[TASK TO CARRY OUT]: Your copy of the listing must be exact and must hold no images.
[INFORMATION PROVIDED Boundary: Start]
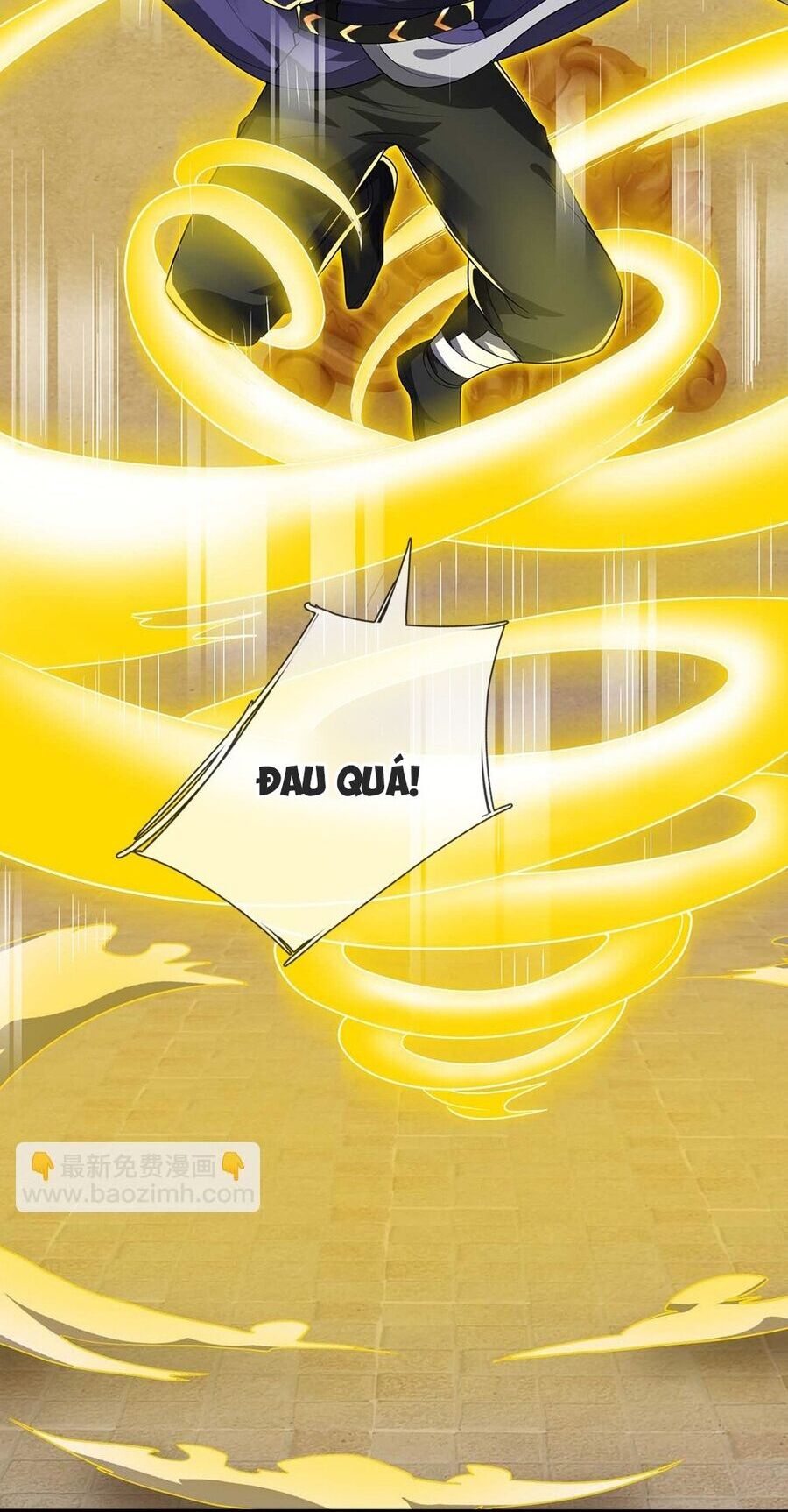 Thần Võ Thiên Tôn Chap 716 - Next Chap 717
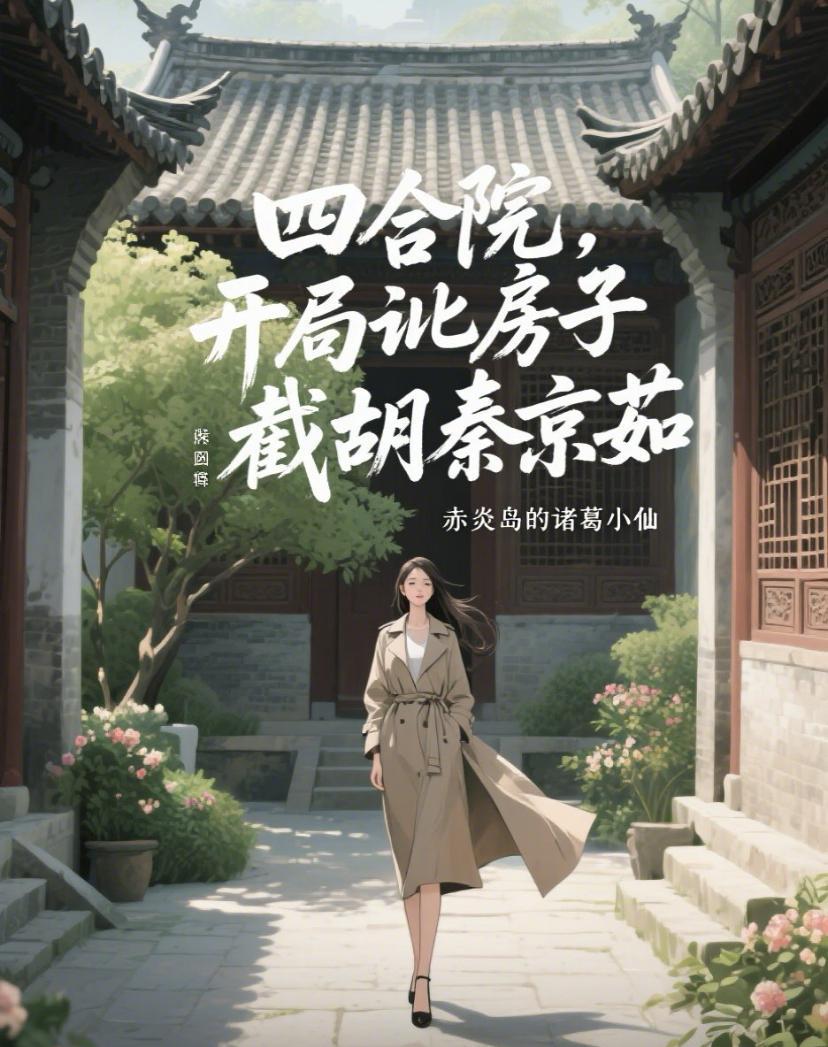 四合院开局就截胡免费阅读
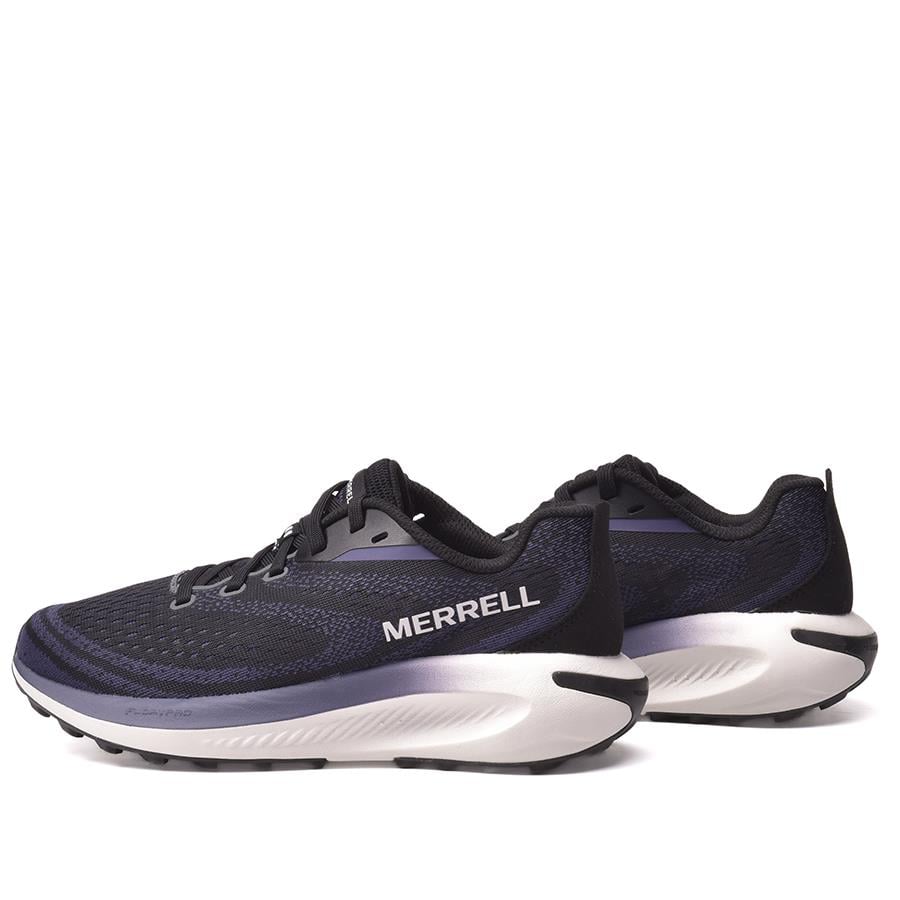 Merrell Morphlite Wmn's Black Yol Koşu Ayakkabısı J068612
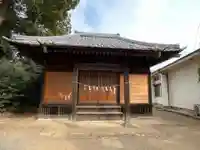 八幡社(埼玉県)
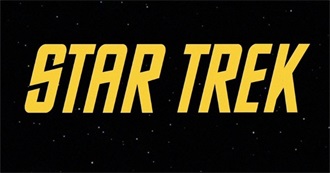 17 Favorite Classic &quot;Star Trek&quot; Novels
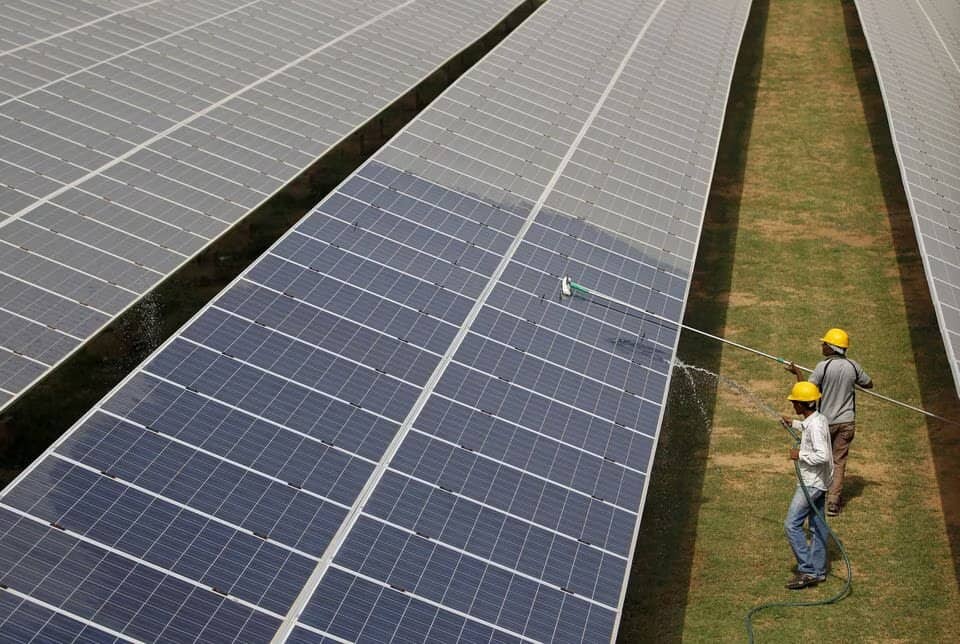 Amplus Solar to set up distributed green hydrogen plants in Andhra Pradesh worth Rs 1,500 crore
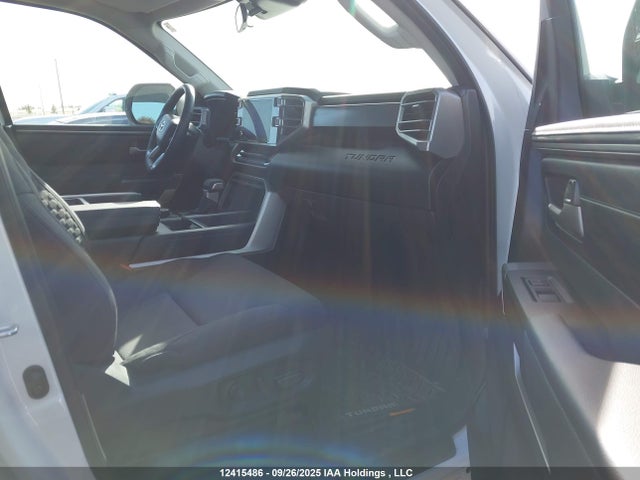 Toyota v35a-fts 2023 5TFLA5DA7PX128635 Image 5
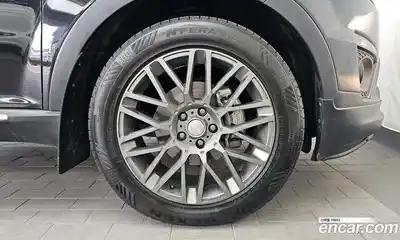 SsangYong Korando 2016 2.2 гидро, миниатюра 5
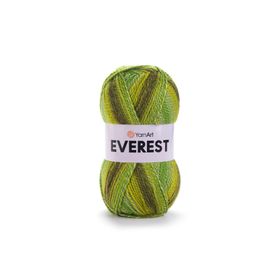 Yarnart 7052 Everest Ebruli El Örgü İpi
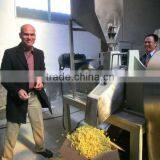 Kurkure Snack Machine Kurkure Making Machine Snack Making Machine thumbnail-1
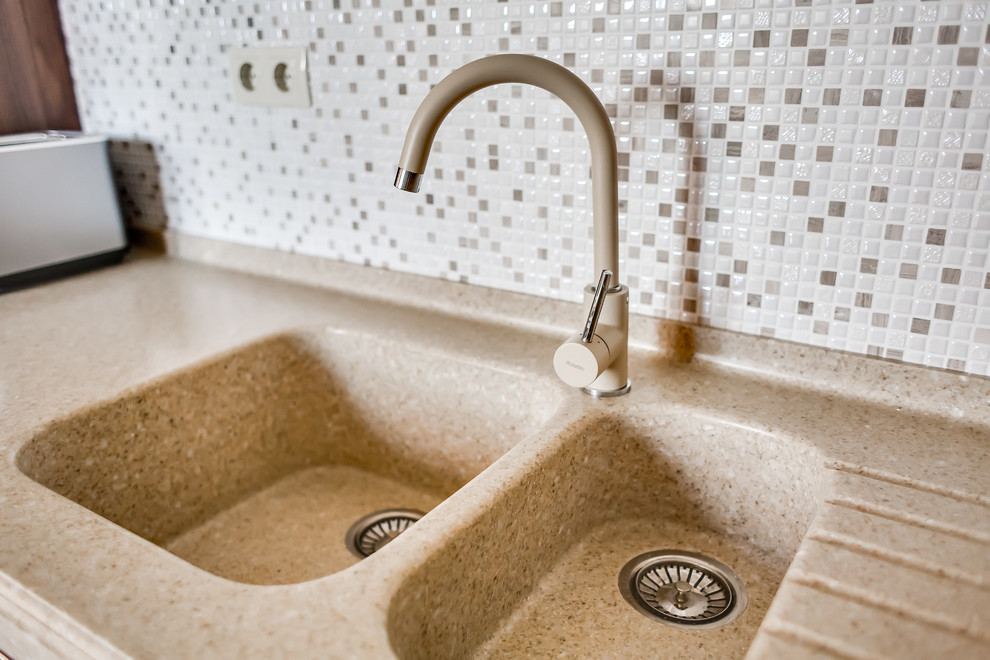 Кухня Орнелла - новый взгляд на классику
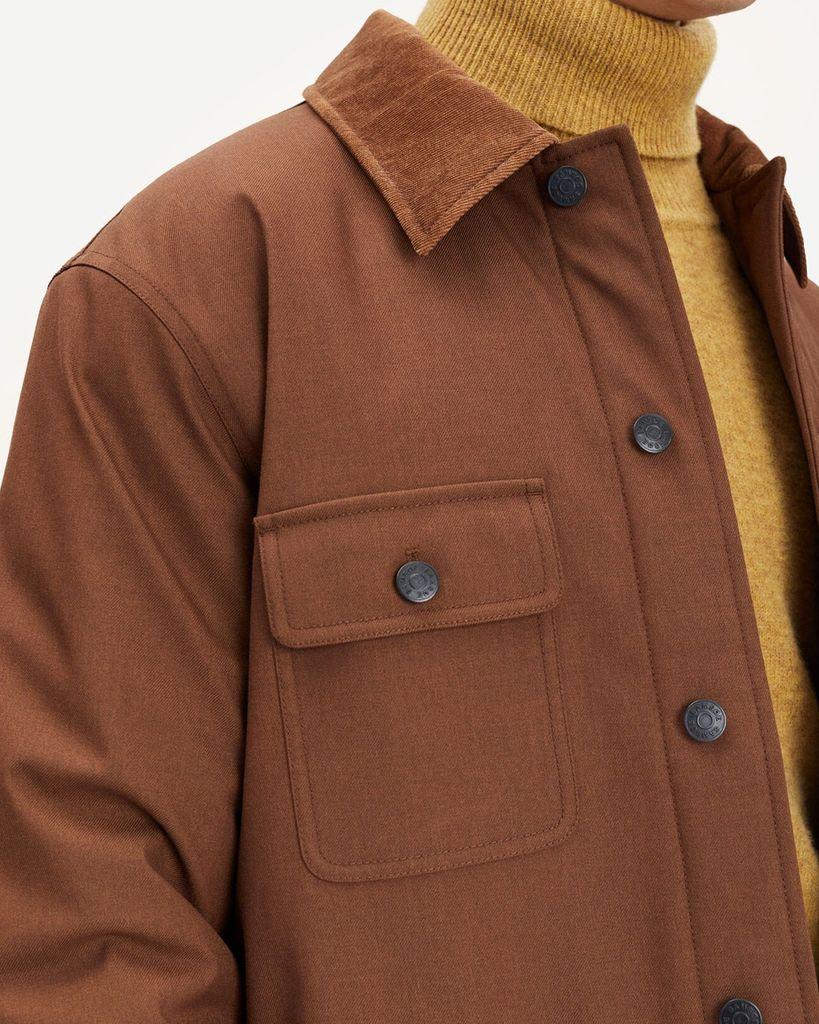 emperor men's jacket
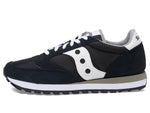 Saucony Jazz Original Black, Mens, Size: 42.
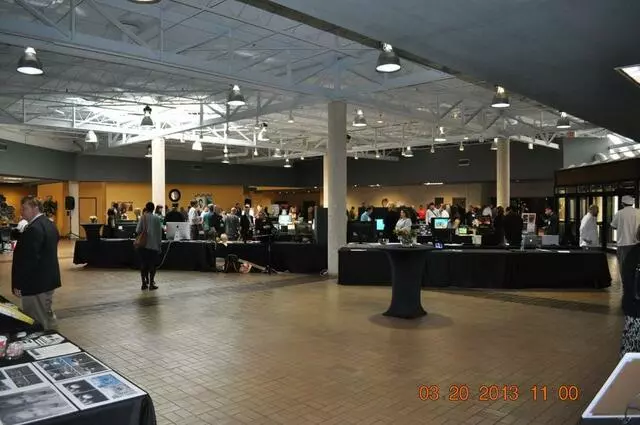 Commons Conference Center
[INFORMATION PROVIDED Boundary: End]
[TASK OUTPUT]:
 Thần Võ Thiên Tôn Chap 716 - Next Chap 717
 四合院开局就截胡免费阅读
 Merrell Morphlite Wmn's Black Yol Koşu Ayakkabısı J068612
 八幡社(埼玉県)
 17 Favorite Classic &quot;Star Trek&quot; Novels
 Amplus Solar to set up distributed green hydrogen plants in Andhra Pradesh worth Rs 1,500 crore
 Toyota v35a-fts 2023 5TFLA5DA7PX128635 Image 5
 SsangYong Korando 2016 2.2 гидро, миниатюра 5
 Yarnart 7052 Everest Ebruli El Örgü İpi
 Kurkure Snack Machine Kurkure Making Machine Snack Making Machine thumbnail-1
 Кухня Орнелла - новый взгляд на классику
 emperor men's jacket
 Saucony Jazz Original Black, Mens, Size: 42.
 Commons Conference Center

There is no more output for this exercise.